Publication Date : 22-10-2012

 

North Korea has started to drop tax bombs on South Korean companies operating in the Gaeseong industrial complex in the North.

According to reports, Pyongyang has recently imposed corporate income and business taxes totalling US$160,000 on eight of the 123 South Korean companies in the complex.

Of the eight firms, one was slapped with $87,000 while another was levied $30,000. One company has already paid about $20,000 in taxes to the North.

Pyongyang has also told 21 companies to submit various documents including accounting books, a move seen as preparation for taxation.

The North imposed hefty taxes on the South Korean companies pursuant to a revised tax rule. Pyongyang amended the rule unilaterally in July, ignoring its own law governing the operation of the industrial complex. The law stipulates that the two sides consult with each other on matters related to its management.

The amended tax regulation allows the North to slap punitive fines retrospectively if a South Korean company is found to have fudged their accounting books. The fines could be as heavy as 200 times the income not recorded on books.

The North has reportedly threatened to ban the movement of goods and people in and out of the complex if the companies fail to pay the taxes or submit the required documents.

Pyongyang is also pressing the companies from the South to provide severance pay to North Korean employees who quit voluntarily.
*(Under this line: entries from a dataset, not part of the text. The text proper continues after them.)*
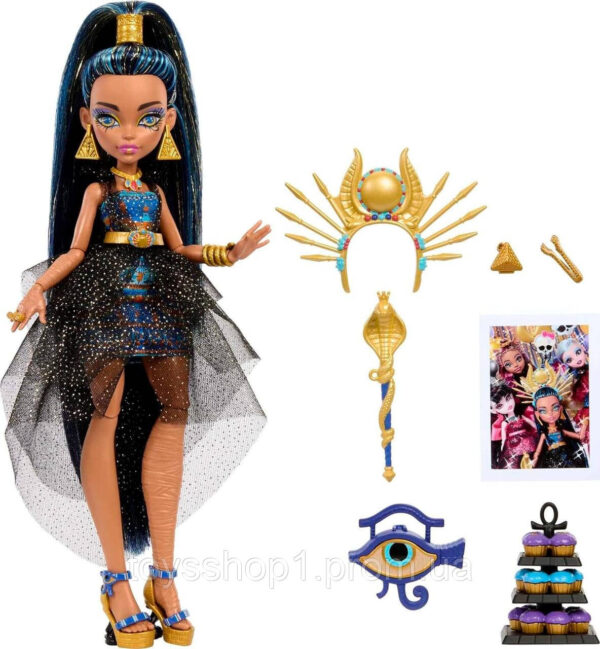 Лялька Монстер Хай Клео Де Ніл Monster High Cleo De Nile Doll in Monster Ball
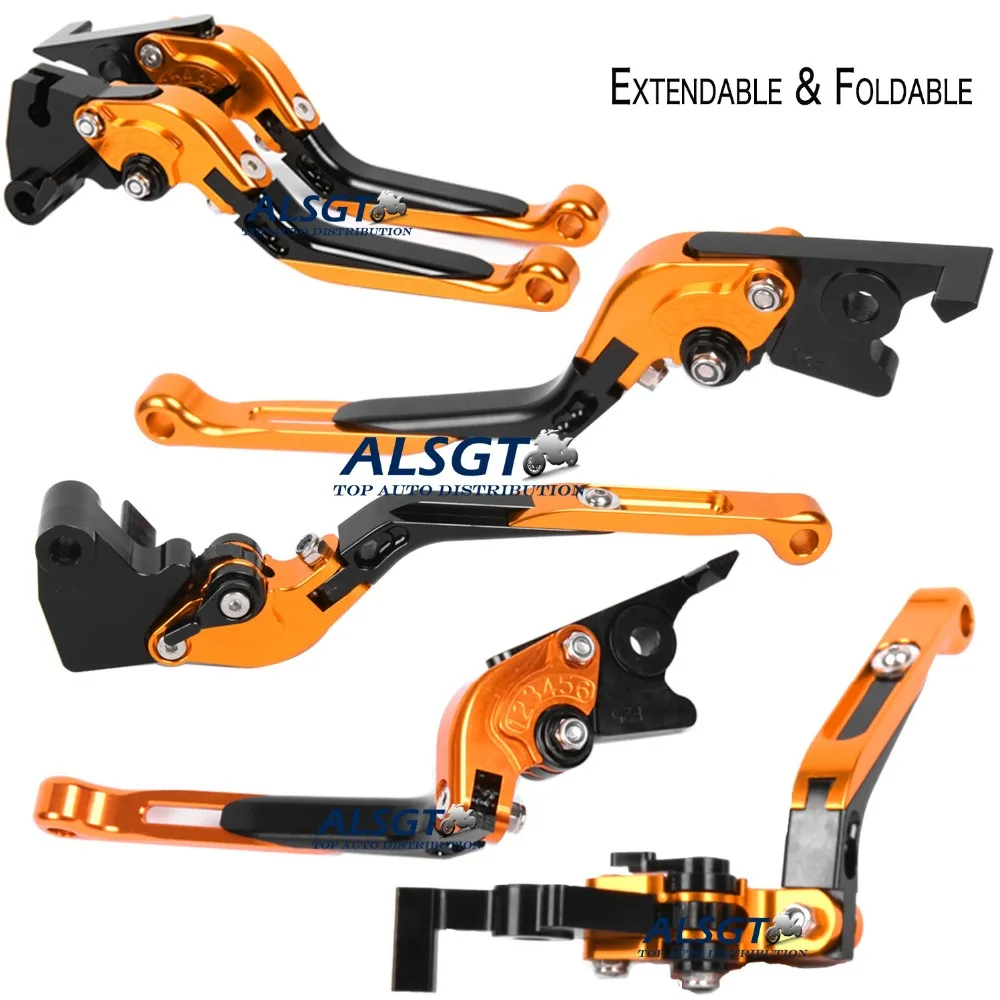 

For Suzuki GSF600 BANDIT 1995-1999 Foldable Extendable Brake Clutch Levers Motorbike Brakes Folding&Extending CNC Levers New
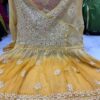 Georgette_dye_short_gown_kurti_with_chikankari_work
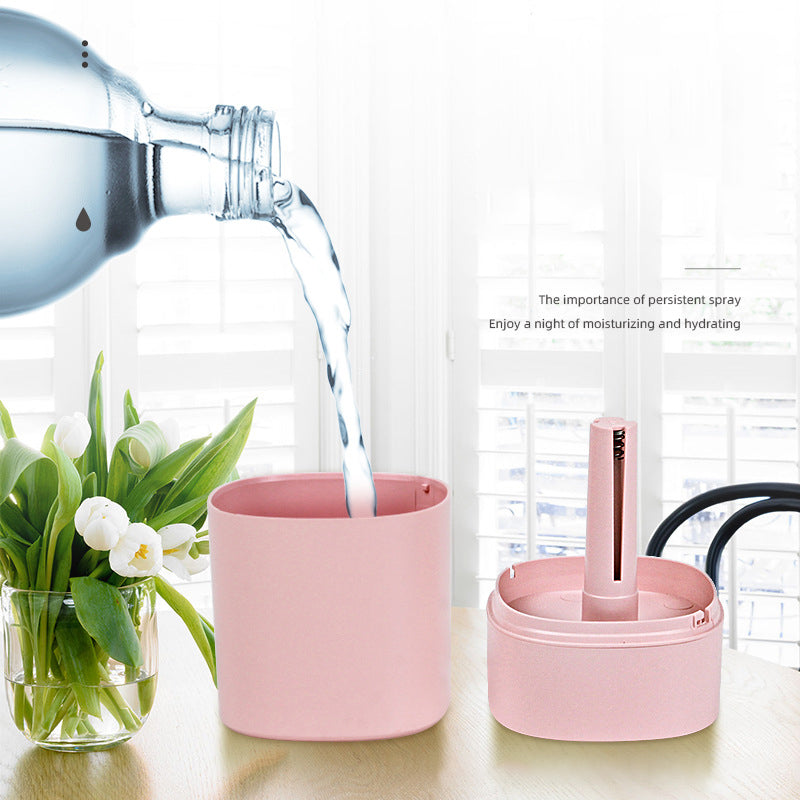 Difuzor aromaterapie USB cu pulverizare și lumină LED color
Under the current agreement, South Korean firms are required to offer severance pay to North Korean employees only when they are involuntarily laid off for reasons related to the companies themselves.

According to reports, about 500 to 1,000 North Korean employees quit every year, citing personal reasons such as health and marriage.

The North’s latest moves might have been prompted by a shortage of hard currency. Pyongyang is in desperate need of dollars as it can no longer rely on such old sources of foreign exchange as arms sales due to the tight international sanctions against its missile launches and nuclear tests.

Yet it is foolish for the North to squeeze the South Korean companies in Gaeseong. These companies as a whole are now beginning to make a turnaround. They registered operating profits last year for the first time since the complex opened in 2004.

Under these circumstances, unbearably heavy taxes would only force them to consider relocating their plants. In fact, some companies are reported to be already planning to leave the Gaeseong complex as the North has begun to tighten the screws on them.

For the North, the Gaeseong complex is the goose that lays the golden eggs. But if it slaps punitively high taxes on South Korean companies, it could kill it.

Pyongyang leaders should withdraw the ill-advised tax policy. Otherwise, they would scare away South Korean companies. This is a folly the North can hardly afford.

What Pyongyang should do is to respect the inter-Korean agreement on the operation of the complex and follow international business norms. They also need to supply 18,000 new workers to the Korean companies to resolve their labor shortage.